Walk the rails under a high blue sky. Find the sag in the leaning fence, and step--carefully--over rusted wire. Follow a peninsula of blond grasses through a lake of loam, and come, at last, to the timber's edge where gray branches trace the sky and rose hips curl near purple canes.
Sunday, May 5, 2013
More Church Notes
Going to church is tricky now. In the past, I'd learned a pretty good adaption of the valuable church member role. I knew how to engage, where to sit, more or less what to say. But things have changed. I feel connected to life now. Role playing's rubber glove no longer comes between me and the world around me. When I touch something, the skin of my fingertips brushes the surface.
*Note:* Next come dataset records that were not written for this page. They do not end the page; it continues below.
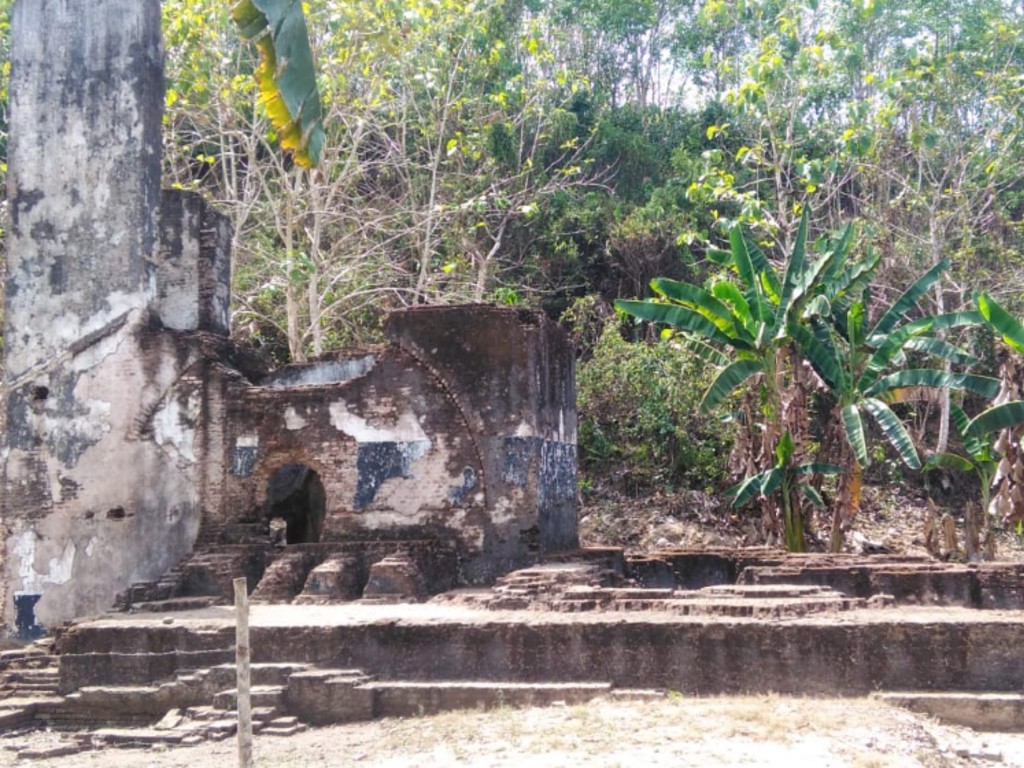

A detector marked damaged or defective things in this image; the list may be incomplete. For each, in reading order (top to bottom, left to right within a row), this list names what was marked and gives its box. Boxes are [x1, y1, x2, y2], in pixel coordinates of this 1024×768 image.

peeling white paint [282, 404, 306, 428]
peeling white paint [332, 400, 428, 440]
broken brick step [876, 688, 1024, 732]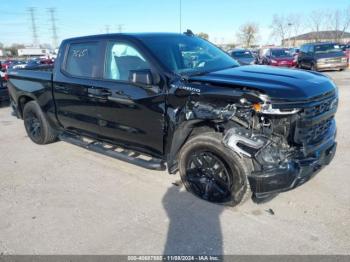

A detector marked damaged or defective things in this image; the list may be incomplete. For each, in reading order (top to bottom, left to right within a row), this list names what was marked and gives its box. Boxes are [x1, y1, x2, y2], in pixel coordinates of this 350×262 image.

crumpled hood [190, 65, 338, 101]
damaged front end [221, 92, 340, 196]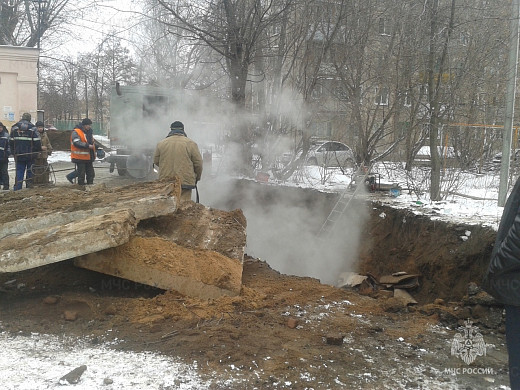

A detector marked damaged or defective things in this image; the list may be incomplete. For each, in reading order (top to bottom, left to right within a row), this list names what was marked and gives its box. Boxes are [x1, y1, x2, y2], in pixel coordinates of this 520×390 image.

broken concrete slab [0, 209, 137, 272]
broken concrete slab [75, 235, 244, 298]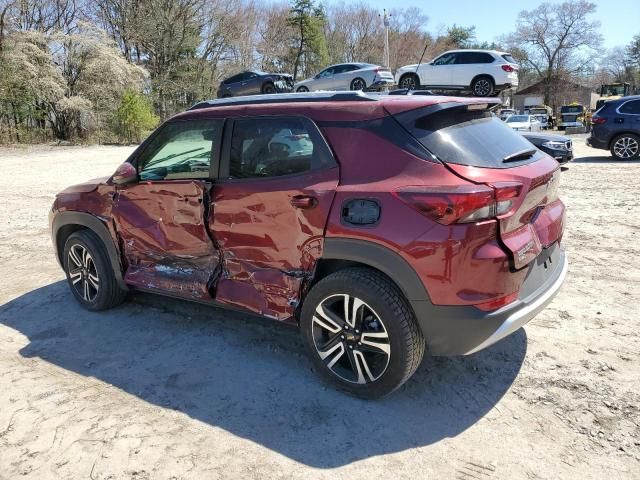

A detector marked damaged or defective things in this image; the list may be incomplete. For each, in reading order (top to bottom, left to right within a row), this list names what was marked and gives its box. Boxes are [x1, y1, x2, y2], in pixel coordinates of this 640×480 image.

damaged rear door [112, 119, 225, 300]
damaged rear door [211, 114, 342, 320]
This makes church tricky because when I bring myself into a sanctuary, it's really me. And currently, I am rather weak and wobbly kneed. My ready-made, engaging, respectable persona no longer protects me. I don't know how to be vulnerable around other people (internet is fine--hah). So I scuttle in, sit in the back, participate, and scuttle out. As I visited yet another church today, I found myself comparing myself to all the other nicely put together females (I know, I know--awful focus) and deciding I wished I was a fly on the wall. If only I could participate in some invisible way. Then the pastor preached about God's purposes for our bodies, how important they are, how they allow us to connect to God and others. A baby--still at the weak neck stage--smiled at me over his mother's shoulder.